▸ PROBLEM:
Among the entries below, only the lines from the one with "Set di sedie da pranzo" through the one with "w sklepie Wasserman.eu" are wanted, reproduced exactly. Pictures are not wanted.

▸ GIVEN DATA:
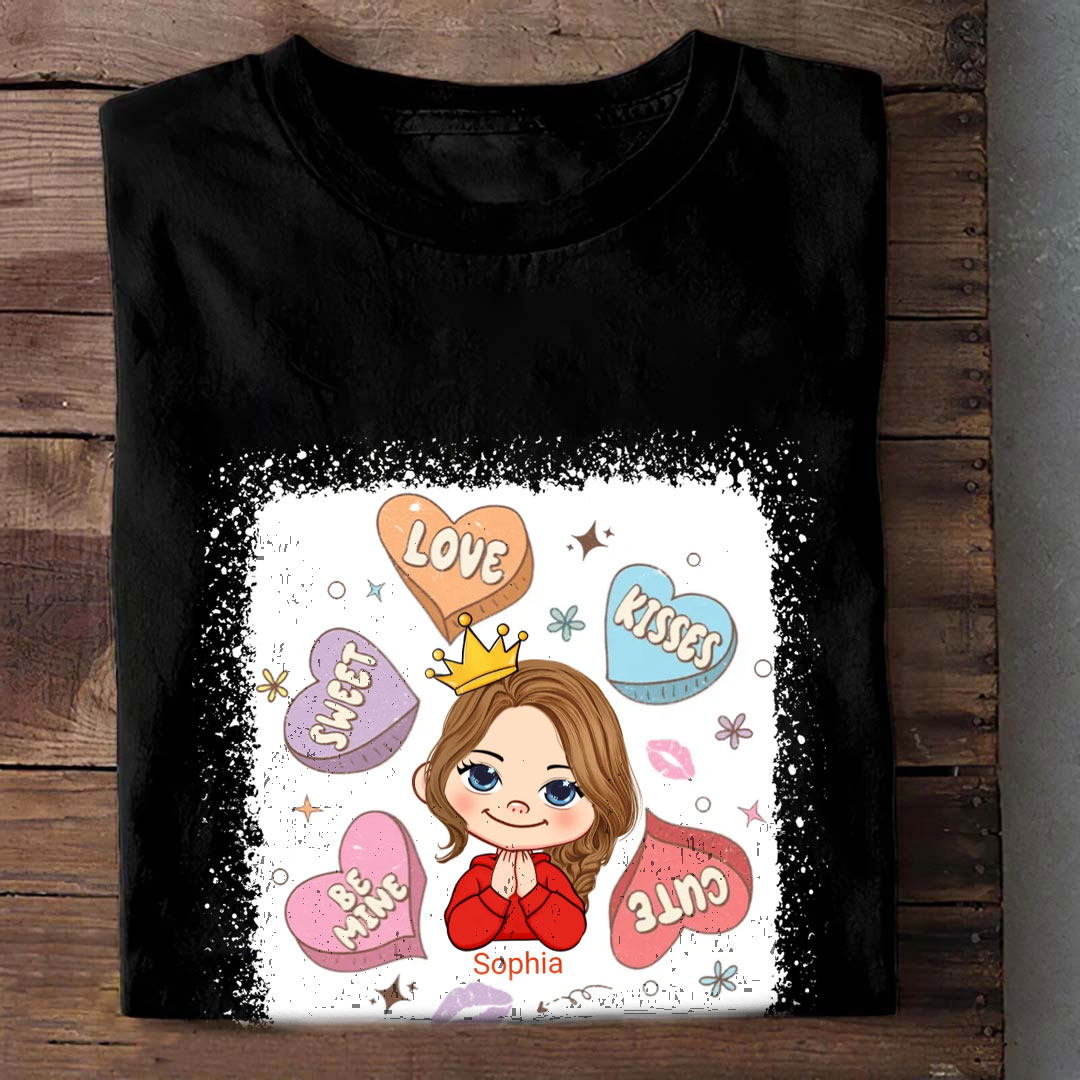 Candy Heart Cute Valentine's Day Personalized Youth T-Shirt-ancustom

--

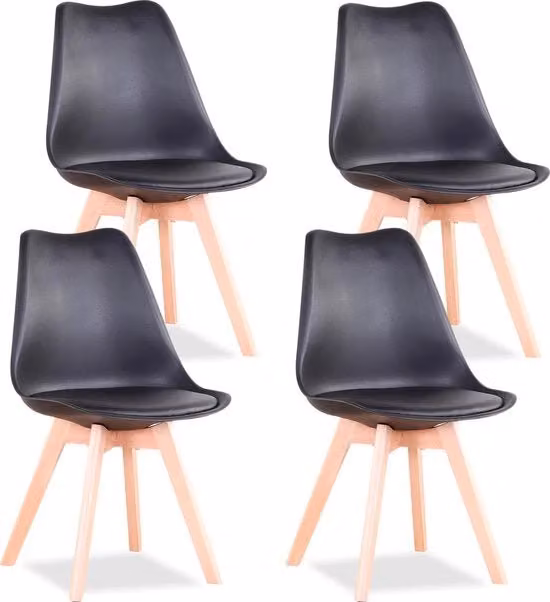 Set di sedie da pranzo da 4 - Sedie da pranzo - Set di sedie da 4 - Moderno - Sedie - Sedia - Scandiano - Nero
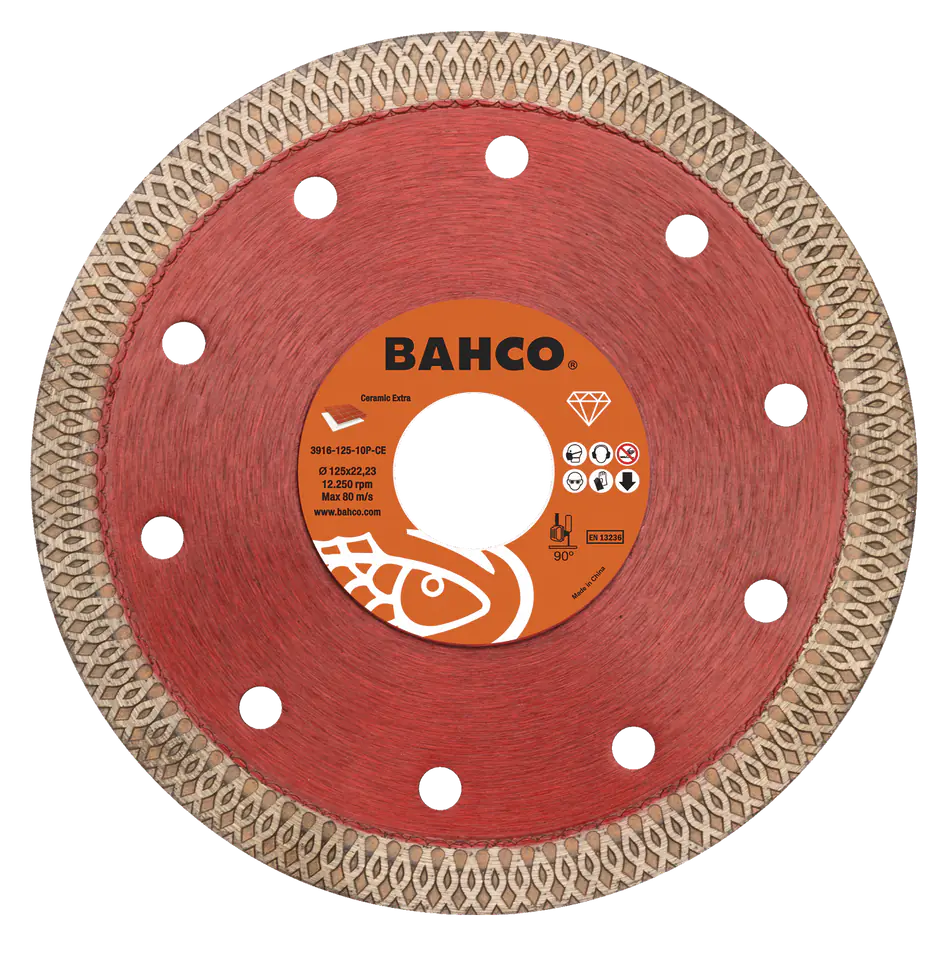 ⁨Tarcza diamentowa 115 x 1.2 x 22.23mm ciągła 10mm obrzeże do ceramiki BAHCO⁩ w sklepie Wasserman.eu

▸ TASK SOLUTION:
 Set di sedie da pranzo da 4 - Sedie da pranzo - Set di sedie da 4 - Moderno - Sedie - Sedia - Scandiano - Nero
 ⁨Tarcza diamentowa 115 x 1.2 x 22.23mm ciągła 10mm obrzeże do ceramiki BAHCO⁩ w sklepie Wasserman.eu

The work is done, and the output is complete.